> Task to carry out:
Please print, exactly as written, the line containing "Arbre de transmission" and each line after it through the end of the material; pictures stay out.

> Data block:
-- Opening Marker --

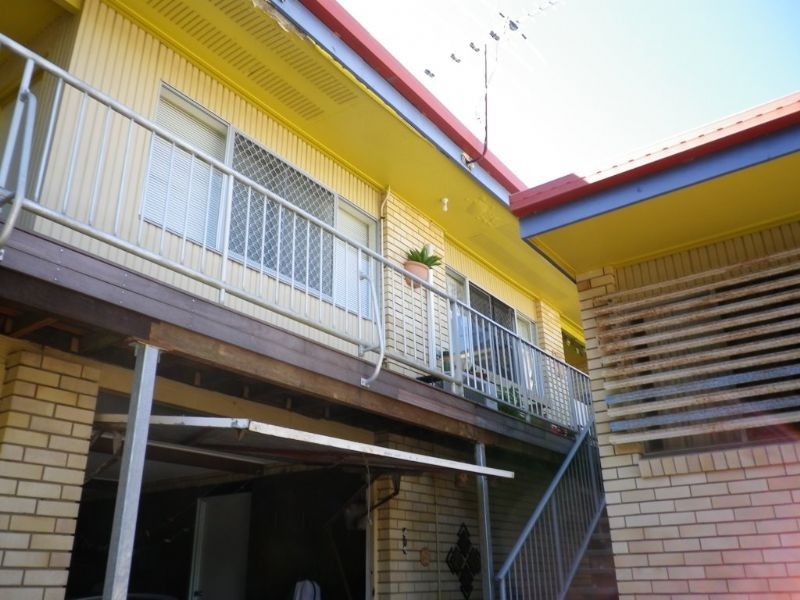 6/33b Burgess Street, Kings Beach QLD 4551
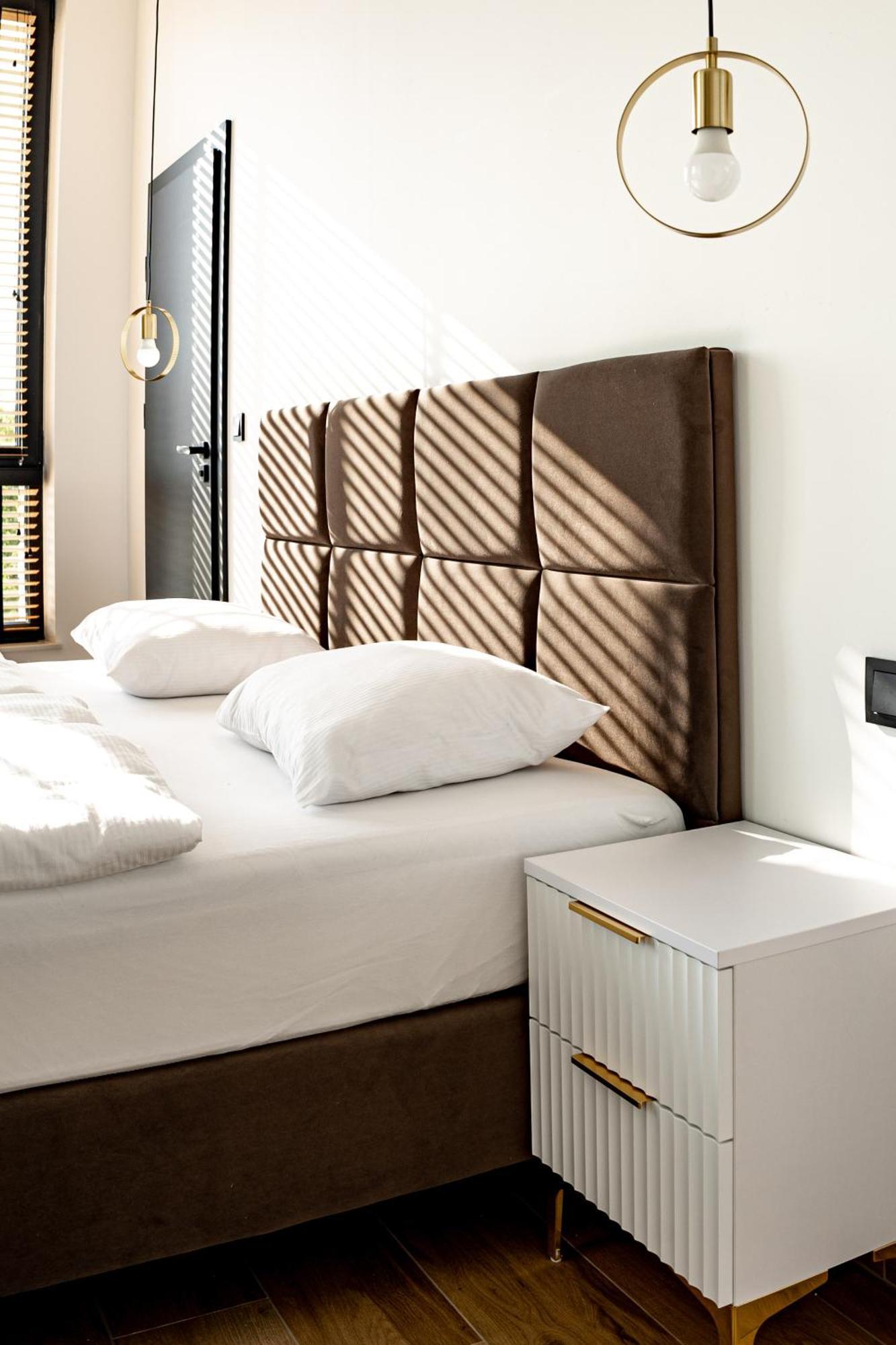 Apartmán Spichlerz Malbork Exteriér fotografie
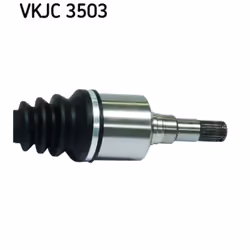 Arbre de transmission SKF VKJC 3503 droite - Vue supplémentaire 6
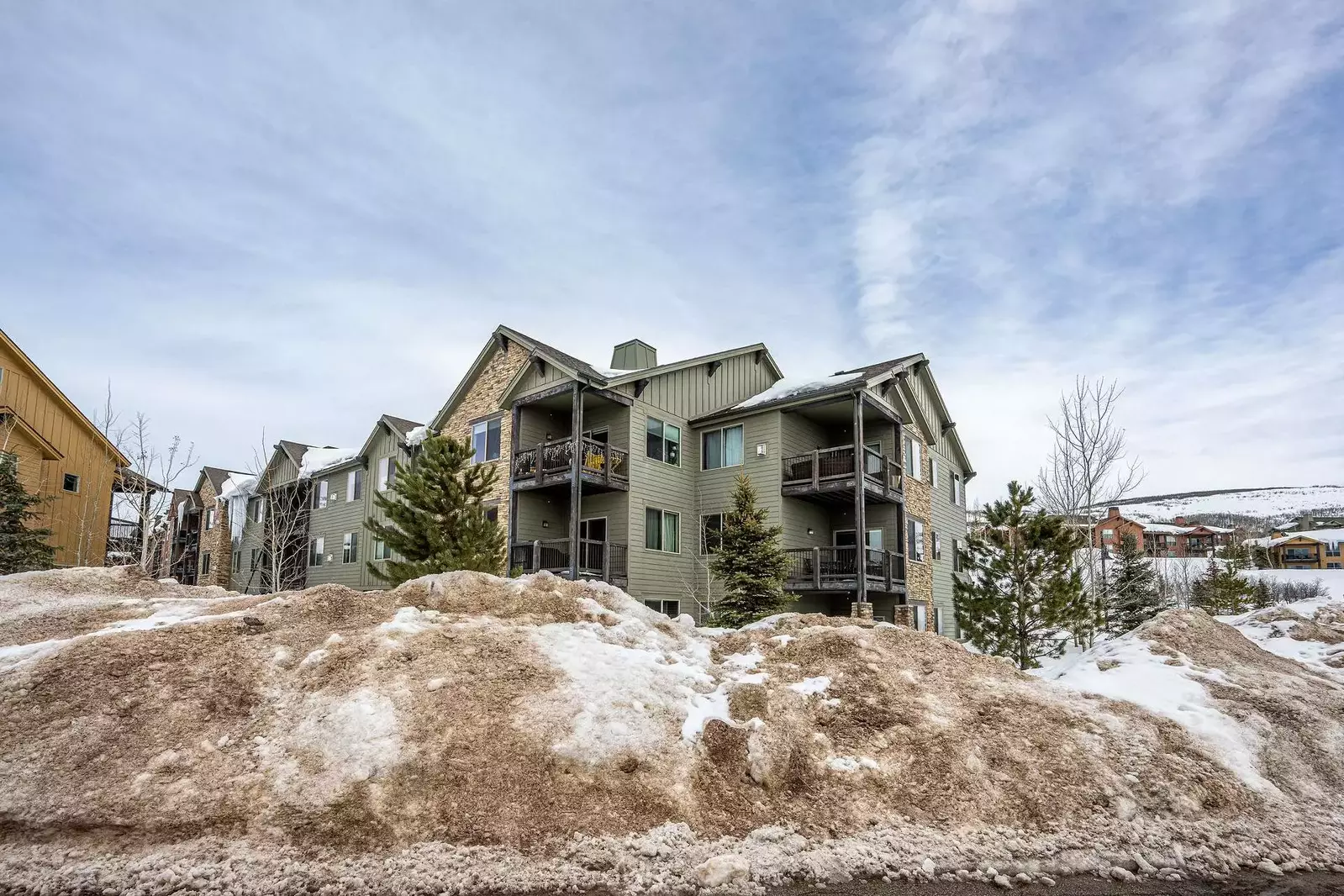 The Sanctuary at Black Rock Ridge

-- Closing Marker --

> Exercise output:
 Arbre de transmission SKF VKJC 3503 droite - Vue supplémentaire 6
 The Sanctuary at Black Rock Ridge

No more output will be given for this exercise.